We are also examining the precursors of prebiotic nucleotide subunits for clues to the natural environment in which nucleotides first arose. In this regard, it seems indisputable that urea, the small molecule most often associated with urine, was a key component in the synthesis of prebiotic nucleotides. Urea is a precursor in the synthesis of numerous nitrogen-containing heterocycles, including the extant nucleobases and the heterocycles that we have found to readily form model prebiotic nucleotides. Specifically, these and other critically important prebiological compounds (e.g., amino acids) are formed when a concentrated solution of urea is placed in a sealed reaction vessel under a model prebiotic atmosphere11.

Although not obvious at first, we think that large regions of concentrated urea were common on the surface of the prebiotic Earth that were similar to today’s Bonneville Salt Flats of Utah. These urea flats are possible because urea is a major product of model prebiotic atmospheric reactions12, urea has a solubility of around 8 M in water (making it freely mobile in precipitation and runoff), and urea is a very stable molecule, which allows for its accumulation. Urea also forms water-free and low-water eutectic liquids with a number of organic compounds and inorganic salts. This property increases the availability of urea and other potentially important ingredients for nucleotide synthesis. For example, we have found that some urea-based liquids liberate phosphate from hydroxyapatite, a mineral that is essentially insoluble in water and whose lack of solubility had been viewed as an obstacle to phosphate incorporation into nucleotides of the early Earth13.

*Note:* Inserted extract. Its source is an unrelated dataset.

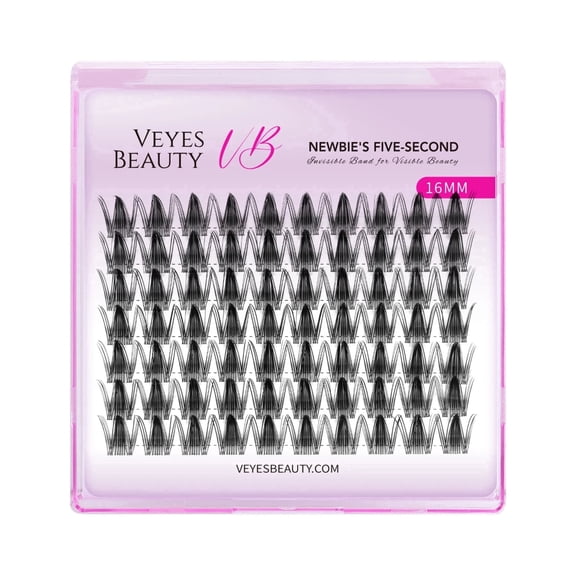 VEYESBEAUTY Manga Single Length Lash Clusters 70pcs, Bold Spiked Lash Extensions Invisible Band DIY Individual False Eyelashes 16MM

Currently, based on the findings presented above, we conclude that the most favored environment for prebiotic nucleotide formation on the early Earth was a pond on dry land, with dissolved nucleotide subunits, and a substantial concentration of urea (Fig. 2). This pond would have been subjected to regular wet–dry cycles, and temperatures reaching as high as 85 °C. Nucleotide synthesis and polymerization occurred during hot-dry phases and early steps of chemical evolution occurred during cool-wet phases. The unmatched power of evolution eventually resulted in the emergence of extant RNA.

Fig. 2
figure 2

Illustration of an early Earth environment considered most favorable for nucleotide formation. From top to bottom: Precursors for the synthesis of the organic subunits of nucleotides are formed in the atmosphere of the early Earth with energy provided by photons and solar energetic particles (e.g., high energy protons from the young Sun15). These precursors include formaldehyde, HCN, the products of HCN reacting with water (i.e., formamide and ammonium formate), urea, as well as others not listed. Precipitation brings these molecules along with water to the surface of the Earth. Urea is concentrated in low-lying regions on the surface of the Earth due to its high production, chemical stability, solubility in water, and low volatility. Solutions containing high concentrations of urea, other dissolved organics, and phosphate provide the subunits of prebiotic nucleotides. These subunits form dehydration condensation bonds to create nucleotides during times of low water activity and elevated temperatures

On continuing the search

Our search for the origin of nucleotides has shown that the drying pond model naturally enables the prebiotic formation of nucleotides if we accept that the first nucleotides were different from extant nucleotides. Further experimental investigations will bring us continuously closer to identifying the earliest nucleotides that initiated the evolutionary march toward RNA. I am optimistic that such lost treasures of the pre-RNA World will be revealed in the future if we do not, as a research community, prematurely declare the origin of nucleotides and nucleic acids a solved problem.